Train / Test Split
Hold back some data the model never sees, so you can test it honestly.
What you will learn
- Explain why we hold back test data
- Split data with traintestsplit
- Avoid testing on training data
Why not test on everything?
Imagine a teacher gives students the exact exam questions to practise, then sets the same questions in the real exam. Everyone scores 100% — but did they actually learn? You cannot tell.
ML has the same trap. If you test a model on the same rows it learned from, it can just memorise them and look perfect while being useless on new data. So we keep some data aside.
Split into train and test
We split the data into two parts:
- Training set (usually ~70–80%) — the model learns from this.
- Test set (the rest) — kept hidden, used only at the end to grade the model on data it has never seen.
Doing the split in scikit-learn
scikit-learn has a one-line helper, train_test_split, that shuffles the data and cuts it for you.
from sklearn.model_selection import train_test_split
X = [[1],[2],[3],[4],[5],[6],[7],[8]] # 8 examples
y = [ 0, 0, 0, 0, 1, 1, 1, 1]
X_train, X_test, y_train, y_test = train_test_split(
X, y,
test_size=0.25, # keep 25% (2 of 8) for testing
random_state=0) # a fixed seed -> same split every run
print('Train size:', len(X_train))
print('Test size: ', len(X_test))Note: Output:
Train size: 6
Test size: 2
Six examples are used for learning; two are hidden away for the final test. random_state=0 just makes the random split repeatable, so you and a friend get the same rows.
Watch out: The number one beginner mistake is reporting accuracy on the training data. Always grade your model on the test set it has never seen.

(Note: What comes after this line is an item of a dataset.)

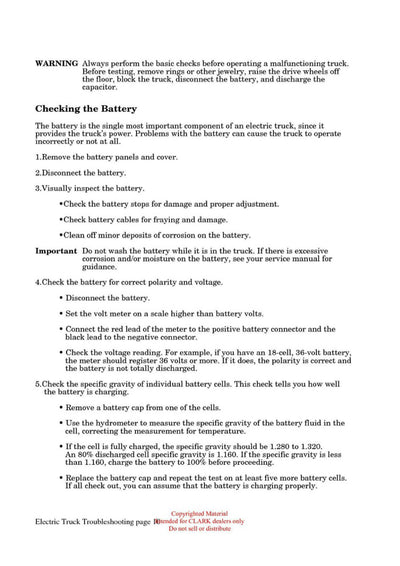 Clark ET-110 Forklift Electric Truck Troubleshooting Technical Training Manual - PDF Download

Tip: A common split is 80/20 or 75/25. More training data usually helps the model learn; enough test data gives you a trustworthy score. random_state keeps results reproducible.
Q. Why do we keep a separate test set?
✍️ Practice
- Change
test_sizeto 0.5 and print the new train and test sizes. - Explain in one sentence what would go wrong if you tested on the training data.
🏠 Homework
- In your own words, write the “exam questions” analogy for why we split data — as if explaining to a classmate.